Glory be to God, the atmosphere in the monastery was very different. We arrived on the eve of the feast of the Entry of the Lord into Jerusalem. This feast is called “Pussywillow Sunday” in Russia, but since there are no pussy-willows in Egypt, they use palm branches there. To be more precise, since there are no palms in Russia, we use pussy-willows, whose furry catkins indicate the awakening of nature after its long winter sleep.

An elderly Greek was sitting in the shade to the left of the church entrance, surrounded by children (as it turned out, they were his grandchildren). They were braiding decorations of palm leaves cut into thin ribbons—stars of various shapes with crosses inside them. In the same evening their handiwork was hung all over the church, and after the Paschal celebrations they were handed out to the parishioners with colored eggs.

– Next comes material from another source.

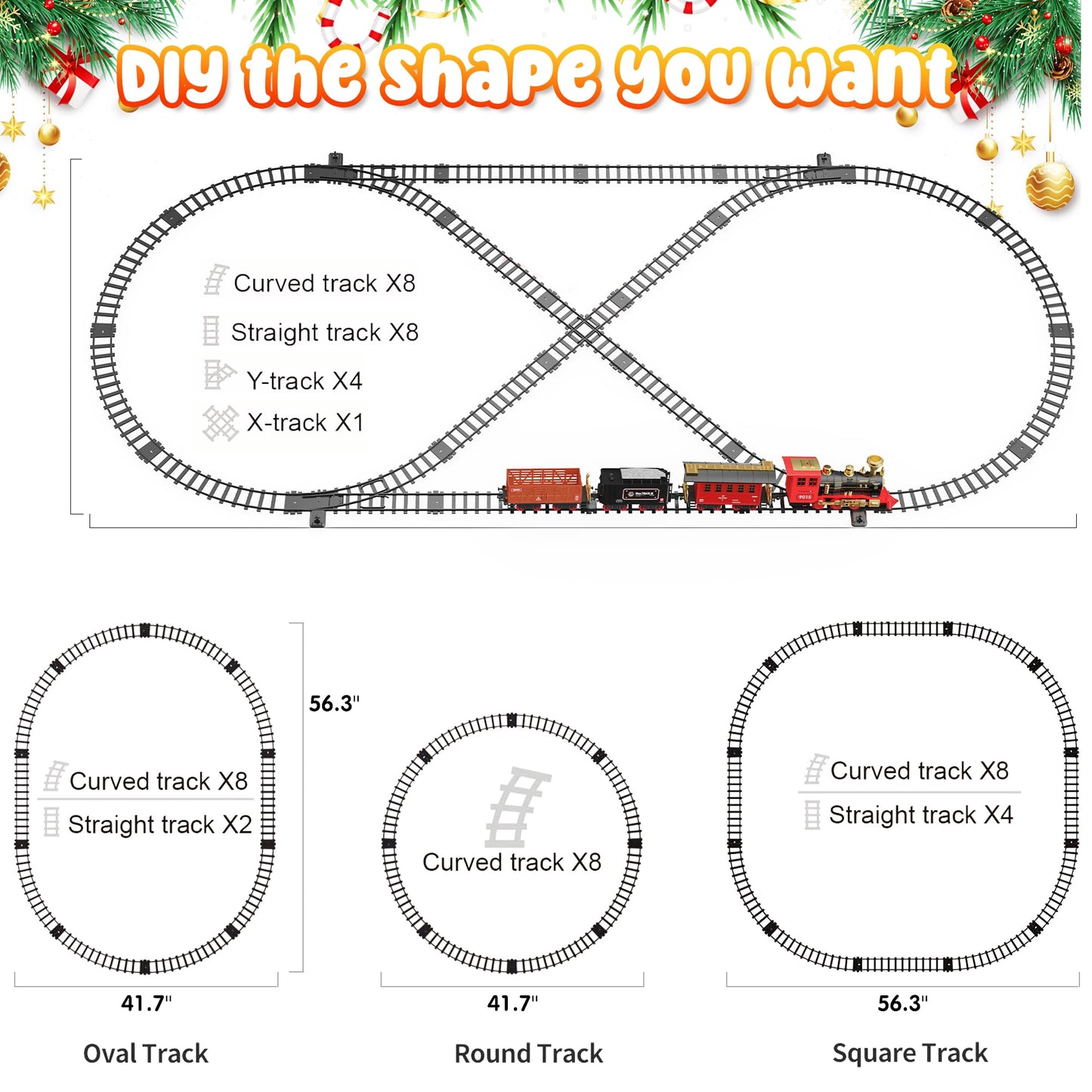 Hot Bee Electric Remote Control Kids Train, Electric Christmas Tree Train, Steam Christmas Tree Train, Christmas Train for the Tree with Remote Control Train Toy Set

The father-superior gave us a cordial welcome, but throughout my stay in the monastery I sensed his anxiety. Though he knew that I was going to write an article on my pilgrimage to Sinai, he obviously was not quite sure that my main principle “do no harm” was always observed. You can expect all sorts of unpleasant surprises from journalists and writers whom you’ve never met before. We had informed him about our visit beforehand, but this didn’t help. They were expecting a huge number of guests from Cairo and Greece for Holy Week, but the guest houses were still unfinished. So there was no space to accommodate us at the monastery. We reassured Fr. Arsenios and made for the opposite side of the gulf to my sponsor’s acquaintance. He was a Russian man named Maxim; he came from Sevastopol and owned a surf club. His club was situated on the territory of a hotel complex. We rented two bungalows—small plywood sheds covered with palm stems—left our stuff and went to the monastery for the Vigil. While waiting for a taxi, we walked around the hotel grounds, namely a palm and oleander park. In it one-storied units stood in a number of rows, divided by slanting concrete partitions into separate rooms. A plaster ten-foot Osiris in a short skirt towered above a large flowerbed with his hands at his sides. He held a crooked half-crutch affair in one hand—a symbol of his power. He had something resembling a bombshell on his head, with depictions of an owl, a hoopoe, a human palm, hieroglyphs, a short wavy line, and other ancient Egyptian sacred signs on each side. Not far from Osiris, a short pyramid stood in another flowerbed, and something noisy was going on behind it. Four young Arabs with loud cries bent over their comrade, who was violently striking the ground with a stick. Then an exultant shout rang out, everybody stood erect, and the long yellow-green body of a snake rose up above their heads. The young men headed for the hotel office, laughing and talking about their success, while we hurried towards the taxi.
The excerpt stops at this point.